Portrait de Marguerite Steinhel avec sa fille © DR |
- À ce propos, quel regard portez-vous sur le film J'accuse de Roman Polanski ?
- J'ai vu le film, par ailleurs très bon. Il ne faut pas l'interdire. Je suis contre la censure. Si Roman Polanski est réellement coupable, il doit être condamné. Je suis contre le tribunal collectif. Même s'il y a prescription, il faut trouver une manière pour que les victimes puissent démontrer qu'elles ont été victimes. On est dans un système de droit où la présomption d'innocence prévaut. Donc la charge de la preuve revient à la victime. Je ne remets pas en cause la parole des femmes. Je ne sais pas si Polanski est coupable ou pas. Je trouve qu'on est dans un moment terriblement radical qui veut interdire, qui accuse de manière collective. Cette attitude va à l'encontre de mes objectifs en tant que présidente CFFF, qui voudrait donner une image des femmes collée avec une caricature. Le féminisme, ce n'est pas porter une plainte collective contre quelqu'un. Ce sont les personnes concernées qui doivent parler de ça.

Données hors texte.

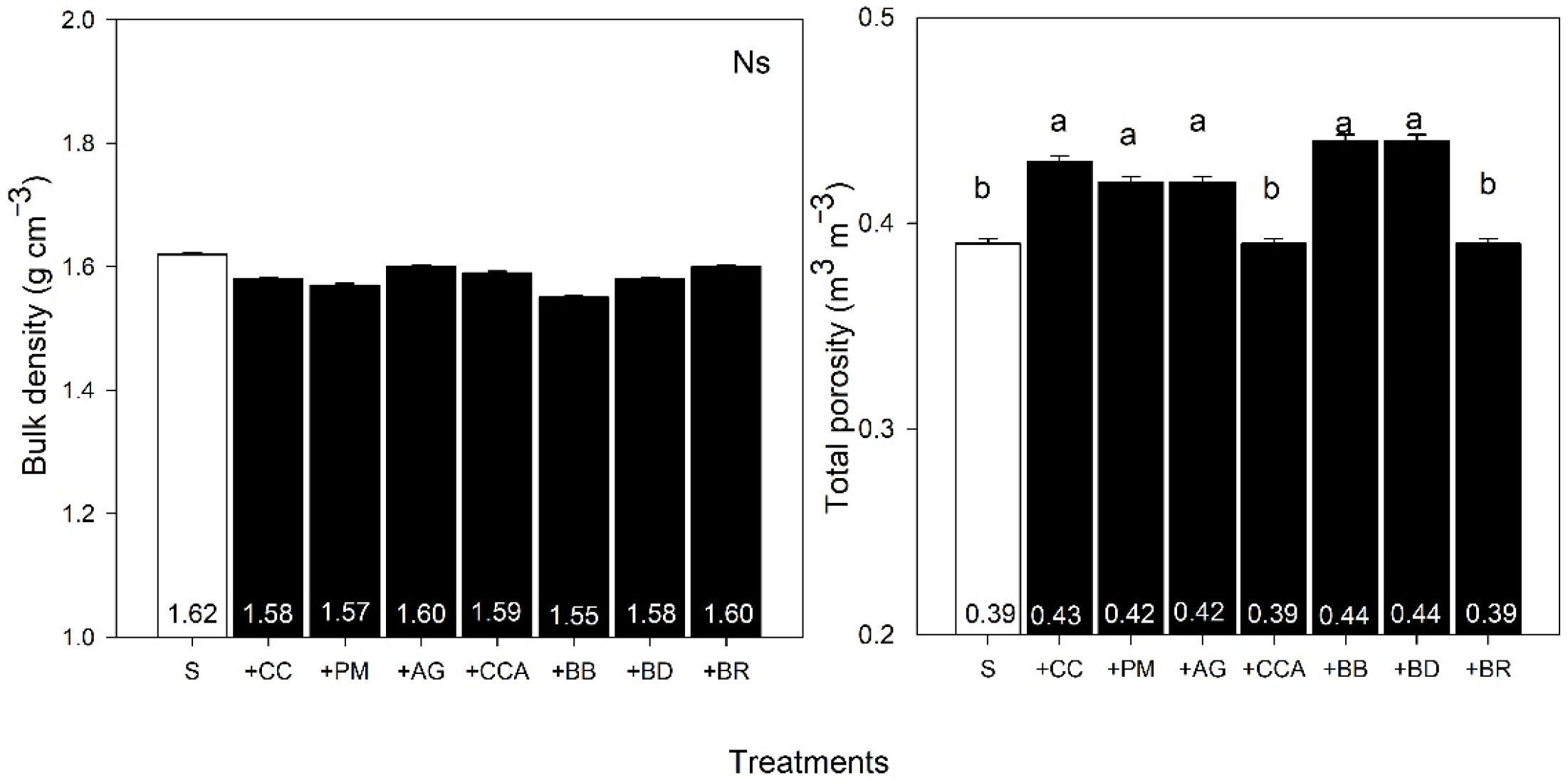 Agriculture 12 01762 g004 Agriculture 12 01762 g004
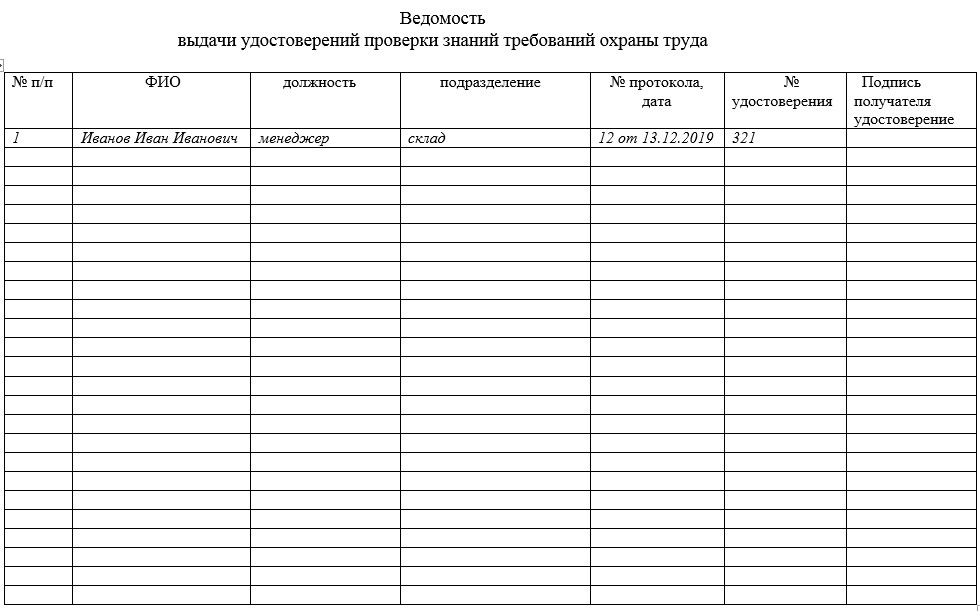 Журнал выдачи канцтоваров сотрудникам образец - 84 фото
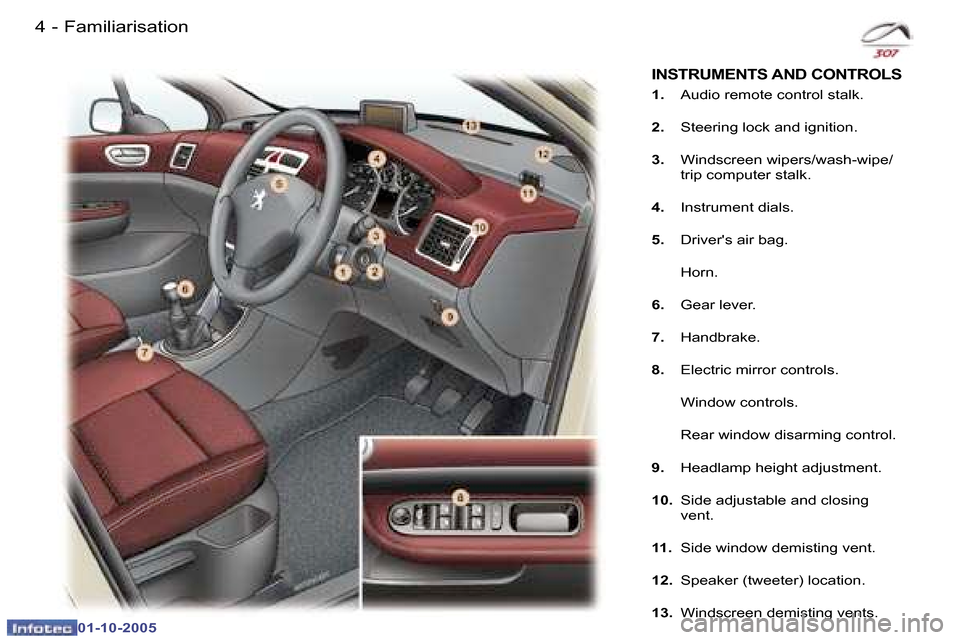 Peugeot 307 SW 2005.5  Owners Manual 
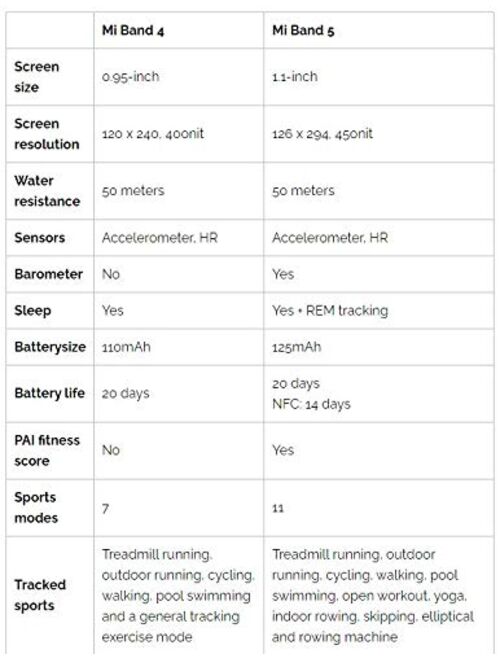 Xiaomi Mi Smart Band 5 (2020) 1.1" AMOLED Color Screen, IP68 Waterproof Wristband BT 5.0 Fitness, Sleep, 24/7 Heart Rate, Sports, Swimming, Health Tracker (Global Model, 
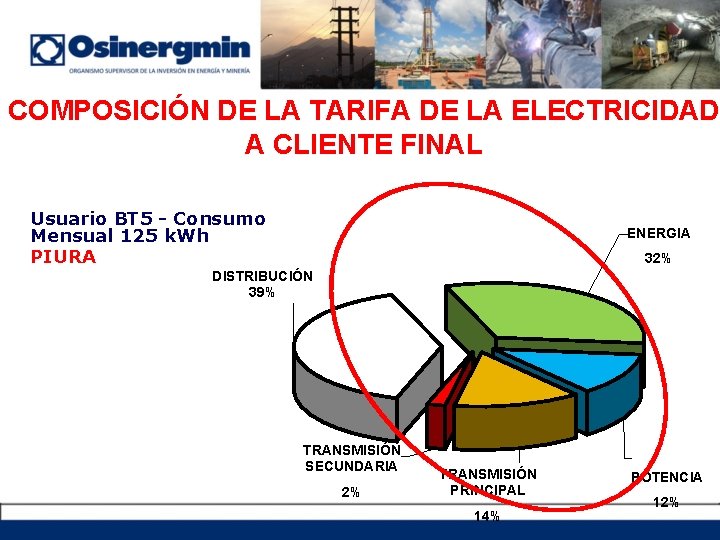 COMPOSICIÓN DE LA TARIFA DE LA ELECTRICIDAD A CLIENTE FINAL Usuario BT 5 -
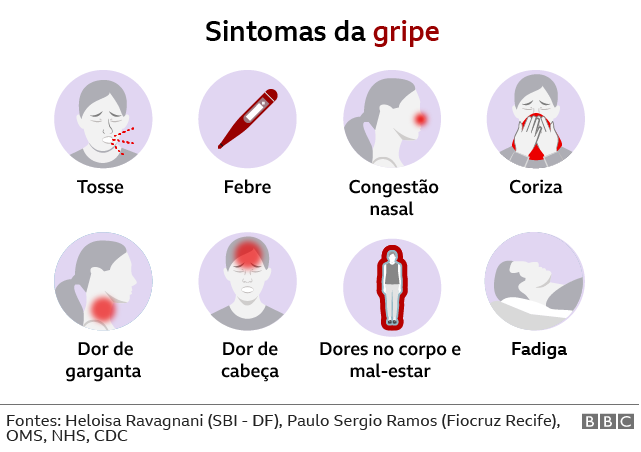 Ilustração sobre sintomas da gripe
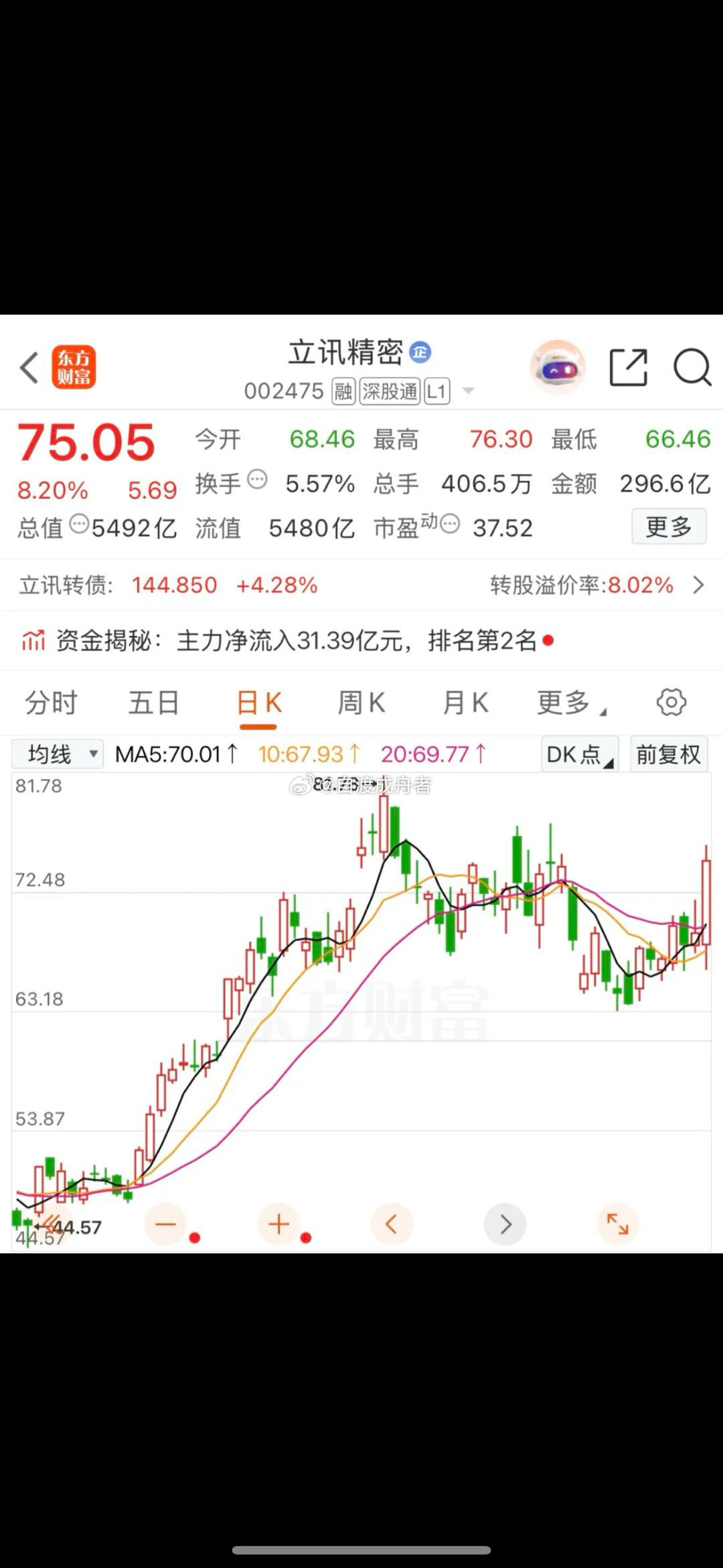 立讯精密直线拉升！高盛唱多，大幅上调目标价立讯精密股价异动！今日盘中，立讯精密股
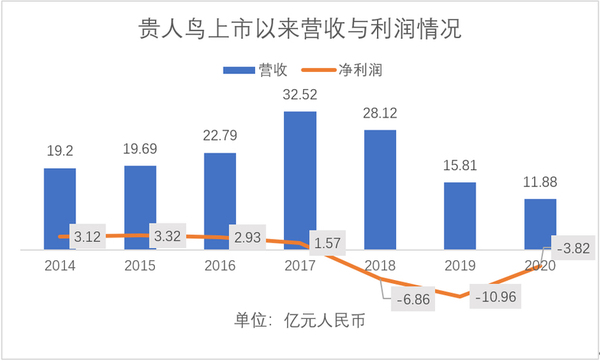 贵人鸟「归来」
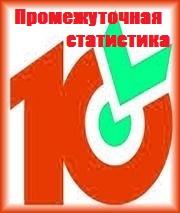 «Десяточка» Промежуточная статистика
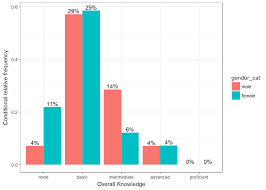 Marketing Research Design Analysis 2017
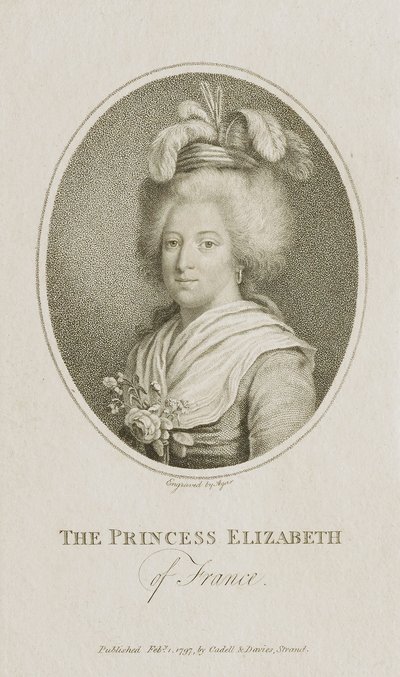 La principessa Elisabetta di Francia da John Samuel Agar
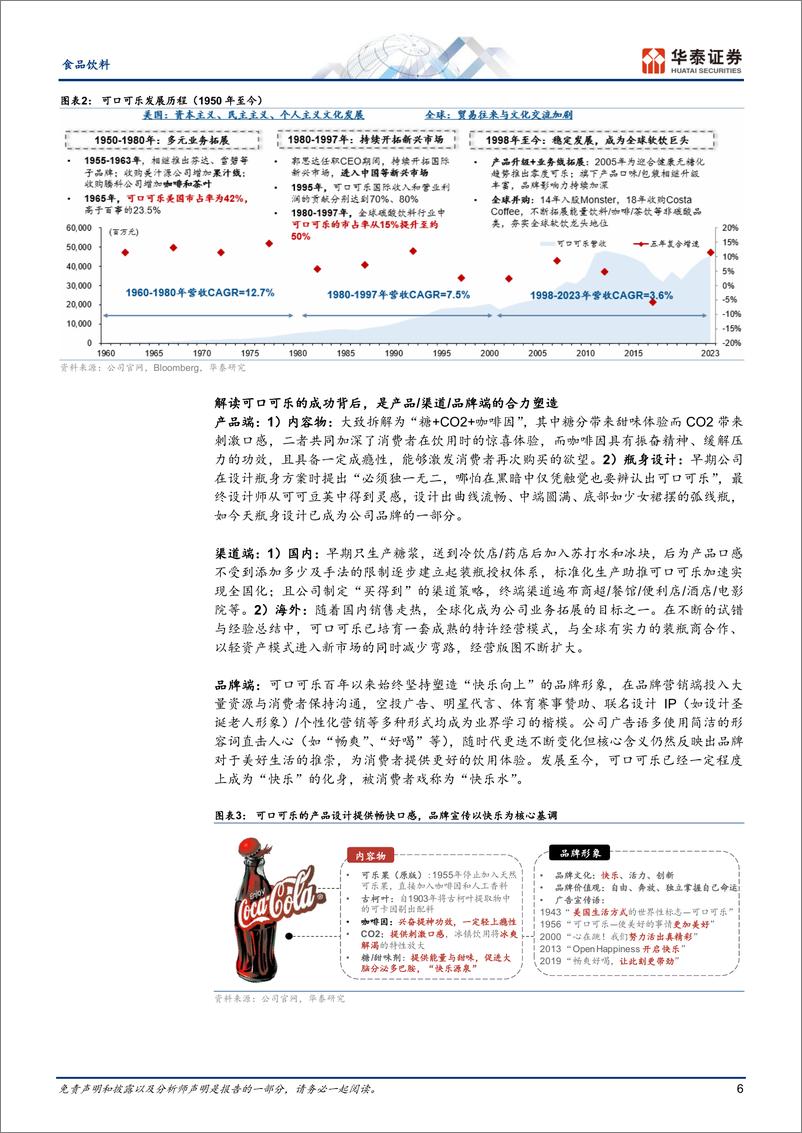 《食品饮料行业专题研究：可口可乐国际化征程的复盘与启示-240728-华泰证券-33页》 - 第6页预览图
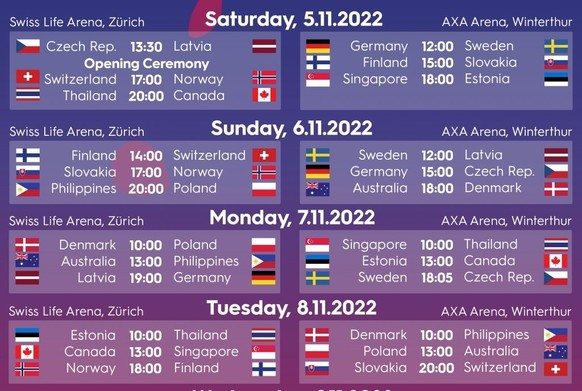 Der Spielplan der Gruppenphase an der Unihockey-WM 2022 in der Schweiz.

- Le féminisme a-t-il changé ?
- Oui ! Le jeu sexuel, la sensualité, l'expérience du plaisir sans un engament étaient des années bénies. Le sida a tout changé. Il a permis le retour d'un discours très alarmiste sur la sexualité. Pour être protégés, continuer à vivre, il faut être abstinent ou être avec un seul partenaire. D'où le retour d'un cadre le plus sécurisant pour les jeunes. L'investissement dans le lien amoureux est différent, ce qui est sans doute positif. Mais je ne voudrais pas avoir 25 ans aujourd'hui. Il y a trente ans, on se traitait de manière égale, à tous les niveaux. Un homme me giflait ? Je claquais la porte. Aujourd'hui, la société est beaucoup plus violente. Les femmes se sentent coupables quand elles doivent quitter leur compagnon parce qu'on n'est plus dans cette liberté, cette légèreté. Je prône l'universalisme des droits, et pas seulement dans le féminisme. Je plaide pour une société plus souple, moins identitaire. Aujourd'hui, certains courants plus radicaux du féminisme mènent à la division plutôt qu'au rassemblement. Je refuse le manichéisme.
Sylvie Lausberg © DR |
- Comment combattre le féminicide ?
- Des propositions de loi sont sur la table pour que l'article 410 du code pénal incrimine de manière spécifique le féminicide. On voit qu'en Espagne et d'autres pays où le féminicide est incriminé comme tel, la population, les mentalités en tiennent compte. La loi Lizin1 n'a que 20 ans en Belgique. Les mentalités changent, et sous la pression des féministes. Notre objectif est qu'il n'y ait pas de féminicide. La Belgique doit appliquer la convention d'Istanbul qu'elle a ratifiée en 2016. Contraignante, elle vise à l'élimination des violences envers les femmes. Tous les deux ans, la Belgique doit rendre un rapport pour montrer qu'on met en place des politiques contre les violences envers les femmes. Le chantier est énorme. La Belgique recense 40 000 procès-verbaux pour violences conjugales par an. Seulement 10 % des femmes portent plainte et 70% sont classées sans suite. 23 féminicides ont été recensés en 2019 et 100 depuis 2017. On demande que le plan d'action contre les violences soit une priorité du gouvernement fédéral parce que le fléau est généralisé.
1 : La loi Lizin a sorti la violence conjugale de la sphère privée pour la placer dans le domaine d'intervention de la Justice.